If I, in python's shell, simply say:
>>> my_string = "some string"
then my_string
is a str
variable encoded in ascii
(and, because ascii is a subset of utf-8, it is also encoded in utf-8
).
Therefore, for example, I can convert this into a unicode
variable by saying one of the lines:
>>> my_string.decode('ascii')
u'some string'
>>> my_string.decode('utf-8')
u'some string'
What I don't know:
How does Python handle non-ascii strings that are passed in the shell, and, knowing this, what is the correct way of saving the word "kožušček"
?
For example, I can say
>>> s1 = 'kožušček'
In which case s1
becomes a str
instance that I am unable to convert into unicode
:
>>> s1='kožušček'
>>> s1
'ko\x9eu\x9a\xe8ek'
>>> print s1
kožušček
>>> s1.decode('ascii')
Traceback (most recent call last):
File "<pyshell#23>", line 1, in <module>
s1.decode('ascii')
UnicodeDecodeError: 'ascii' codec can't decode byte 0x9e in position 2: ordinal not in range(128)

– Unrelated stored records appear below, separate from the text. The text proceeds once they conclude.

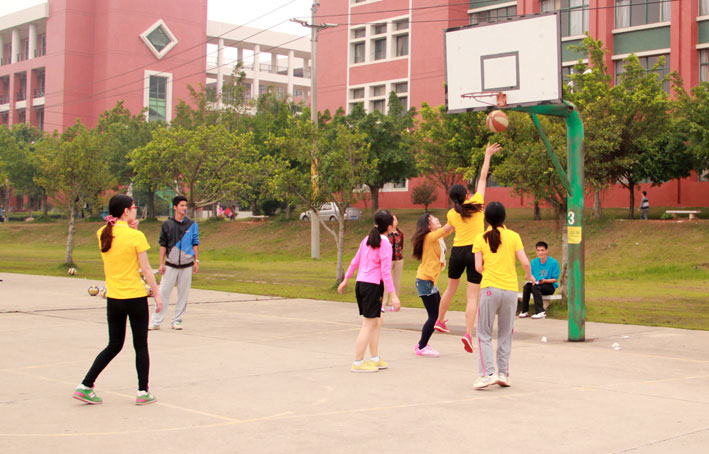 2025新澳门免费原料网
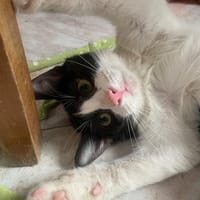Leo, chat à adopter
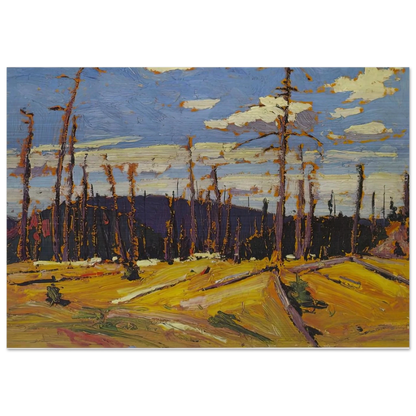 BURNT OVER FOREST 1916 - Tom Thomson Brushed Aluminum Print - 70x100 cm / 28x40 inches | Tom Thomson Aluminum Print | Tom Thomson Prints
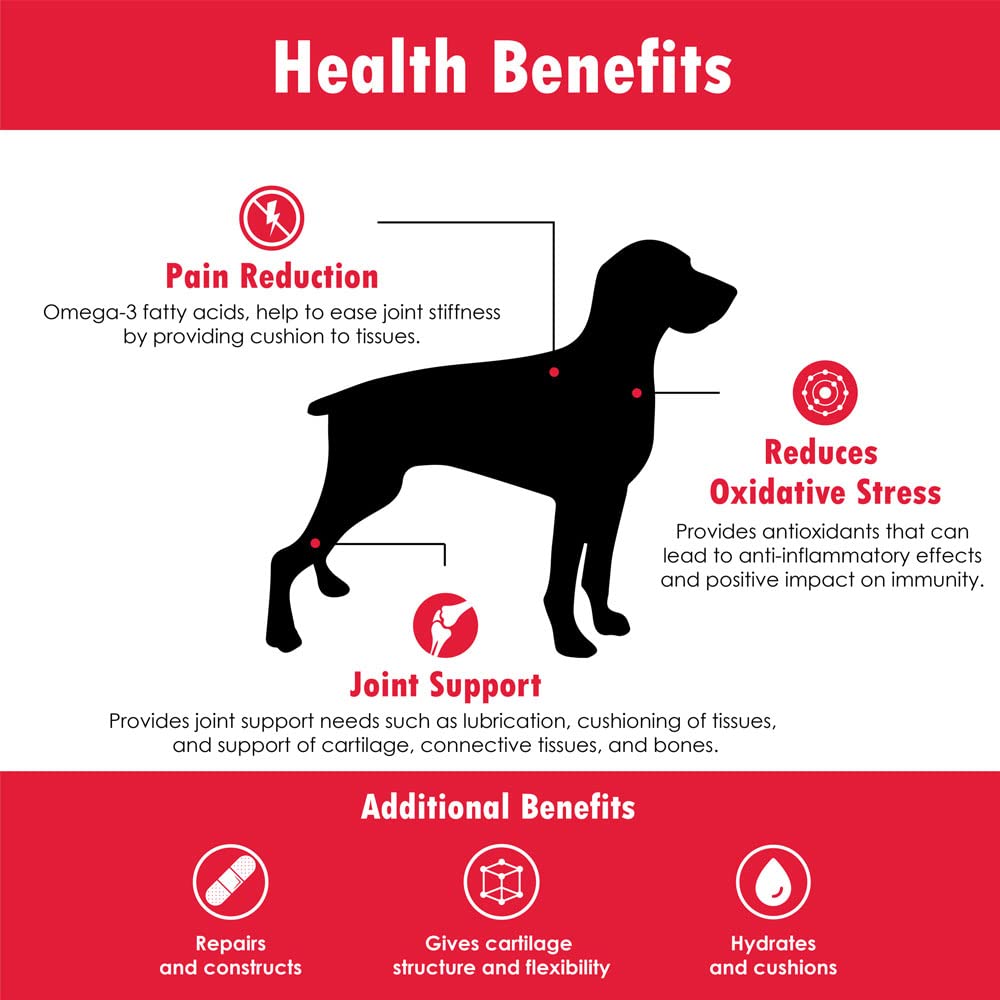Premium Triple Strength (TS) Soft Chews for Dogs - Glucosamine, Chondroitin & MSM Supplement - Hip & Joint Pain Relief for Large & Small Dogs - 6-Pack (1440 Chews) + Free Joint Treats - Ideal for Active Dogs & Senior Pets with Mobility Issues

Now, naturally I can't decode the string with ascii
, but what encoding should I then use? After all, my sys.getdefaultencoding()
returns ascii
! Which encoding did Python use to encode s1
when fed the line s1=kožušček
?
Another thought I had was to say
>>> s2 = u'kožušček'
But then, when I printed s2
, I got
>>> print s2
kouèek
which means that Python lost a whole letter. Can someone explain this to me?